On Saturday I took Heidi with me to our stake’s family history jamboree. She did so well. I got her up early, and the conference was seven hours long- but she did great. We packed fairy books and coloring books and the Friend and the story iPod with headphones.

My mom used to take me with her to things like this. I would go to the Family History Center with her to do family history, and I even helped a little bit. She also took me to high school debates when she worked as a judge, and so I heard older kids talking about weapons of mass destruction and the American Psychological Society (he said it was abbreviated ASS). It was interesting, and no one else my age was learning that stuff.

Of course Heidi didn’t pick up everything there was to pick up, but she has started to become interested in family history. This morning I was doing some family history before breakfast and she sat next to me and watched and gave suggestions while I worked. We were looking at a marriage record and I didn’t know what a certain word said. It was the word between the bride and groom. When we were on another place on the page, Heidi saw that same word between other brides and grooms and went back to our family and said, “It’s and! I know from looking up there.” So the hamster is scurrying in her head, I guess.

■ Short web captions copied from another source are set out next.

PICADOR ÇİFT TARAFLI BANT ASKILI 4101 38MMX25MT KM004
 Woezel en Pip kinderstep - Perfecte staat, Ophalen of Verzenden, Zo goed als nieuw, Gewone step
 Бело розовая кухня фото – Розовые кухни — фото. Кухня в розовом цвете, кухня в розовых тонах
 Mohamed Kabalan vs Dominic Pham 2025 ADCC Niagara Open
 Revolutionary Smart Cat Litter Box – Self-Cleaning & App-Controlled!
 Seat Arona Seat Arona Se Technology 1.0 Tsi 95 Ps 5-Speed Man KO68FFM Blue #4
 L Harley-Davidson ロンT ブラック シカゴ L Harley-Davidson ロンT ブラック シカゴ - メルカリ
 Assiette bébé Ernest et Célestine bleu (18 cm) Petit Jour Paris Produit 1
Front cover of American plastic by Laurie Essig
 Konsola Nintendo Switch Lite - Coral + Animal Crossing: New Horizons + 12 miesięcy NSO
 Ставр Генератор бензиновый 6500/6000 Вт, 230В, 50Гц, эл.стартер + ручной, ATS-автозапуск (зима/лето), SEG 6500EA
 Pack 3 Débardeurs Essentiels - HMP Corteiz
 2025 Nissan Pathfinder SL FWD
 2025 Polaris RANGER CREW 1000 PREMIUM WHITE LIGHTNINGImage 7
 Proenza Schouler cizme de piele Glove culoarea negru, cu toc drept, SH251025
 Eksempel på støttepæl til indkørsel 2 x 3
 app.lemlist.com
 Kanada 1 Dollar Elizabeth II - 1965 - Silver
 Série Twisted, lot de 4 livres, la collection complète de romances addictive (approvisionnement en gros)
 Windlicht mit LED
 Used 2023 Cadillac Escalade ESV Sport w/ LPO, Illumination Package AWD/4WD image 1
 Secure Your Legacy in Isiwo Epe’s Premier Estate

Top Five Things I Learned:

  1. Ask questions to people who like answering questions. Court house workers are grumpy because they don’t get paid enough to deal with criminals and lawyers all day and they really don’t get paid enough to dig through dusty files. So try not to expect them to help you for free all day. Ask to speak to someone else if they aren’t able to help you. Or, use Facebook! There are community pages where you can post your question and several people will answer really quickly. Call the county’s genealogoical society and people will be happy to help you. Also take a look at the Photo Restoration Free Service on Facebook.

  2. If your family member’s name was butchered on a record, you won’t find it if you search with it spelled correctly. Try multiple searches with different combinations of information. And don’t search the entire website all at once. Navigate to a specific collection you think they might be in, and search that.

  3. Military research is a thing. If an ancestor was eligible to fight in a war, find his records. It helps to find his service number to better identify him. Also find his regiment, so you know what battles he fought in. I’ve focused my family history month on military records, and I have found a lot of success using Ancestry.com.

  4. I was reminded again about the [Family Search Wiki] (https://familysearch.org/wiki/en/Main_Page). A better way to do family history is to choose a family, find out what you can about them, then look in specific collections that pertain to them. Towns, counties, states, wars, and other special situations have their own records and you’ll find better, more organized results. The wiki can help you learn what kinds of records are out there. While we are talking about wikis, Wikipedia is also your friend to find out county, town, and regiment histories.

  5. I just discovered Record Seek, which is amazing. It is difficult to save a source from another website onto Family Search because you have to fill in so many complicated boxes. But with Record Seek, you just push a button and type in a few easy boxes and then a source in Family Search is created! They do all the citation formatting for you. I’m a fan.